Texas went into last summer with a thin reserve margin but expectations that it would rise quickly. That scenario is playing out, officials said Thursday.
ERCOT released its Capacity, Demand and Reserves (CDR) report, including planning reserve margins for the next five years. The report shows, based on preliminary data from generation owners, that new capacity additions from planned projects for summer 2020 total 7,633 MW.
The grid operator says its interconnection queue shows the majority of new generation projects are renewable and small, flexible gas-fired resources.
The CDR report tallies all operational and planned resource capacity, and provides annual projections of ERCOT’s planning reserve margins for the summer and winter seasons.
But there have been project cancellations and delays as well.
Since the May 2019 CDR report, two gas-fired plants totaling 1,227 MW have been canceled, and eight solar projects with a 1,056 MW capacity contribution have been delayed. But in the same timeframe ERCOT approved 1,058 MW of installed capacity for commercial operations, and a total of 4,654 MW of installed capacity became eligible for inclusion in the CDR.
Not all of the changes to the CDR come from adding or canceling resources. ERCOT has also been working to more efficiently capture the value of resources already in place.
Peter Warnken, ERCOT's manager of resource adequacy, said the grid operator has approved new rules for how wind peak capacity contributions are counted. And it created a separate Texas panhandle zone "to capture the higher availability of those resources," he said during a call with journalists to discuss the report.
"It is a complicated situation," he said, accounting for new methodologies and rules alongside new projects, delays, cancellations and changes to capacity ratings.
The eight delayed solar projects have now been pushed to 2021, meaning ERCOT's reserve margin should be even more comfortable than previously expected. The December CDR anticipates an 18.2% reserve margin for summer 2021, compared with the 15.2% it estimated in its May report.

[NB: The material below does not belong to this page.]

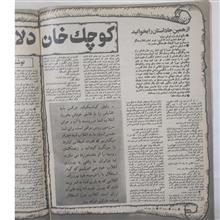 مجله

In the future, ERCOT could get a boost to its peak capacity resources from energy storage. But for now, there is very little included in the report because it is not sufficiently long duration to meet peak capacity, according to Warnken.
"Most batteries on the system don't have a sustained capability, so by default we give them almost zero" capacity contribution, Warnken said. More information is needed "to assign reasonable capacity contributions."
New rules could be coming out next year, he said.
The grid operator established a Battery Energy Storage Task Force this year to identify issues surrounding integration of the resources, and is currently developing new procedures to address things like technical requirements, modeling needs and rules for incorporating batteries.
ERCOT's next Seasonal Assessment of Resource Adequacy will be released in March 2020, and the mid-year CDR report will be released in May 2020.